With each shot and each day, we drew closer to the day of our egg retrieval. This was the first step in creating our embryos. Jenna went through immense amounts of discomfort each day and I was constantly amazed that she was willing to experience all of this so that we have a chance at conception. We went to all of the appointments with more and more hope as the medicine dosage increased and the eggs matured. The doctor was estimating between 30 and 40 follicles which was fantastic news to us as we prepared for the retrieval.
The retrieval day finally came and Jenna went inside for the procedure as I waited eagerly outside to hear the results. When Jenna came out she was dazed from the twilight sleep but something seemed very wrong. She burst into tears when we left and told me that they only got 9 eggs and the rest were actually cysts. It was the first piece of devastating news we would receive over the next week.
After we learned that only 7 eggs fertilized we were still hopeful and eager to hear the results of the embryo maturation. We were connected to the embryos and they were our 7 possible children we had created and would bring into the world. I had been so hopeful throughout our journey and then I was hit with a tsunami of disappointment and sorrow. After all of the angst leading up to this moment, we learned that none of the embryos were viable and they were all degenerative. It was an out of body experience after all of the work we put into IVF to have this be the end. How could it be real? It was nothing short of heartbreaking.
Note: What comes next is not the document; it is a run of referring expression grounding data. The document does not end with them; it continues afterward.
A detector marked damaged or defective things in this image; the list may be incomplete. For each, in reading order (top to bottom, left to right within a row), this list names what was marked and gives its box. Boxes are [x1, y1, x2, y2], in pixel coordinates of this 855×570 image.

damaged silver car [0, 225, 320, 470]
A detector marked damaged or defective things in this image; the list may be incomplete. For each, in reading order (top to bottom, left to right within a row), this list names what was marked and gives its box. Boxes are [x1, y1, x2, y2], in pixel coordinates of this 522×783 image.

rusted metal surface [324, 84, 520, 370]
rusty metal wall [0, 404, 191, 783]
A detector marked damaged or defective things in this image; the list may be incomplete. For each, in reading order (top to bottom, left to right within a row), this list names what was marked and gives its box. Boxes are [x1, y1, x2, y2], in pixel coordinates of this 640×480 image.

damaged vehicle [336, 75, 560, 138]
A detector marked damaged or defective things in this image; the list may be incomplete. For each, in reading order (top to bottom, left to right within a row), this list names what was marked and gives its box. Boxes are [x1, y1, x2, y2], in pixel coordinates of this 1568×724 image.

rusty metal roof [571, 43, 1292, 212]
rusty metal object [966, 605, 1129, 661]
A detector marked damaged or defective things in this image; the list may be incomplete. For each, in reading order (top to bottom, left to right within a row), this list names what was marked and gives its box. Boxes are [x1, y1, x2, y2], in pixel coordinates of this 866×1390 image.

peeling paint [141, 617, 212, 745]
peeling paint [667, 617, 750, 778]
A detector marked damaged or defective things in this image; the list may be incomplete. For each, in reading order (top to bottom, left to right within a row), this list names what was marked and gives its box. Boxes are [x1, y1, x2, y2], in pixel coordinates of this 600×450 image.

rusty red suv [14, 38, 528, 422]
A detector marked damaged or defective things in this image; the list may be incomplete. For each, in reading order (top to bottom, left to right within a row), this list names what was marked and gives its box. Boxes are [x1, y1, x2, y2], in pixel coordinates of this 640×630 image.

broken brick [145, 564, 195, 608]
Not a single bit of my disappointment was towards Jenna but I knew she would doubt herself after we had such an unexpected and heartbreaking ending to our IVF cycle. To anyone with a partner struggling with infertility, love them more everyday and reaffirm your commitment to them constantly. Their struggle is not only one with conception, but also one of insecurity when they had no choice in their fertility.
Struggles with infertility are not something that are commonly spoken about in our society. Get married, have children, and live happily ever after. That’s the stuff fairytales are made of isn’t it? Over the course of these years of infertility, we have been asked when we would have children and why we did not have any yet. We remained strong and gave a lot of generic replies. We found comfort in our nieces and nephews but it only intensified the inquiries from those who knew us.
The desired ‘mind your own business, I have Endometriosis, PCOS, and have to do IVF’, is not exactly the most civilized reply to someone, but is what came to mind every time we were asked. In fact, most of the time, an ‘I’m sorry’ was the response we would get if we were finally fed enough to explain ourselves. Sympathy is not what we are looking for, rather, what we want is help creating a space of understanding and awareness of the struggle both women and men face with infertility everyday. The pain of infertility is real and vulnerable. Every baby shower and pregnancy announcement stings, the sight of a cute baby outfit can be triggering, the emotion of not having your rainbow can be painful, but as Taylor Swift would say, “this pain wouldn’t be for evermore.”